Perl Unicode Cookbook: Unicode Linebreaking

℞ 41: Unicode linebreaking

If you’ve ever tried to fit a large amount of text into a display area too narrow for the full width of the text, you’ve dealt with the joy of linebreaking (or word wrapping). As you may have come to expect from Unicode now, the specification provides a Unicode Line Breaking Algorithm which respects the available line breaking opportunities provided by Unicode text.

Unicode characters, of course, may have properties which influence these rules.

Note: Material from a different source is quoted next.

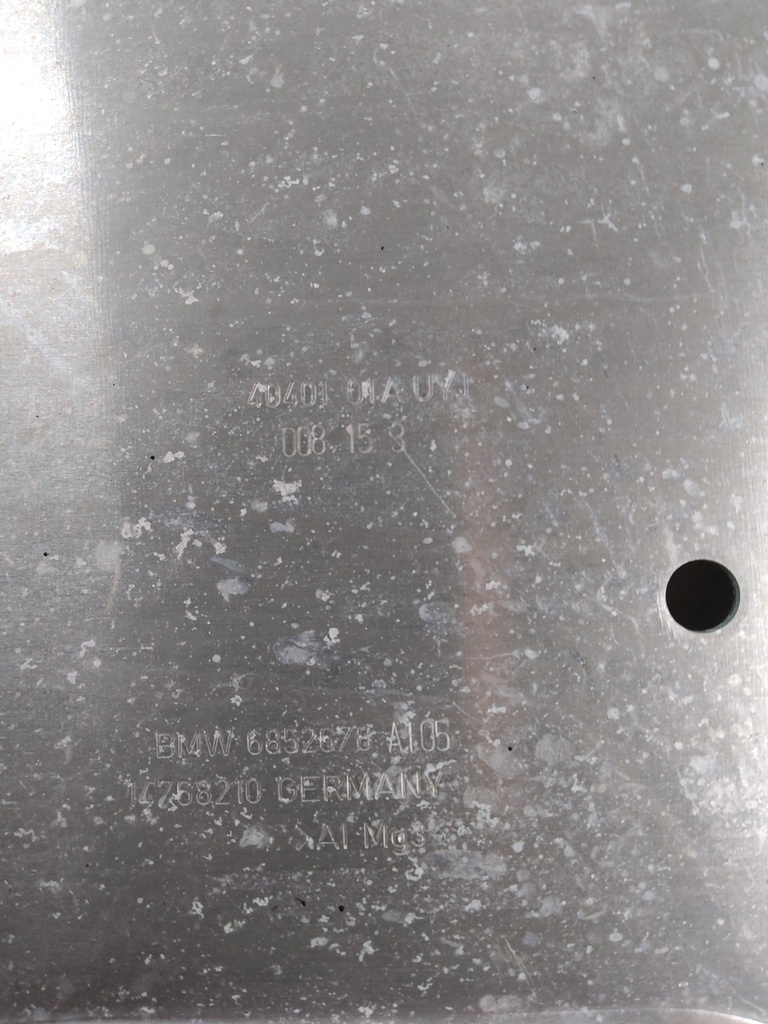 MTD-521153-1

As you have come to expect from Perl, a module implements the Unicode Line Breaking Algorithm. Install Unicode::LineBreak. This module respects direct and indirect break points as well as the grapheme width of the string. Its basic use is simple:

 use Unicode::LineBreak;
 use charnames qw(:full);

 my $para = "This is a super\N{HYPHEN}long string. " x 20;
 my $fmt  = Unicode::LineBreak->new;
 print $fmt->break($para), "\n";

The result of its break() method is an array of lines broken at valid points. (The default maximum number of columns is 76, so this example works well for email and console use. See the module’s documentation for other configuration options.)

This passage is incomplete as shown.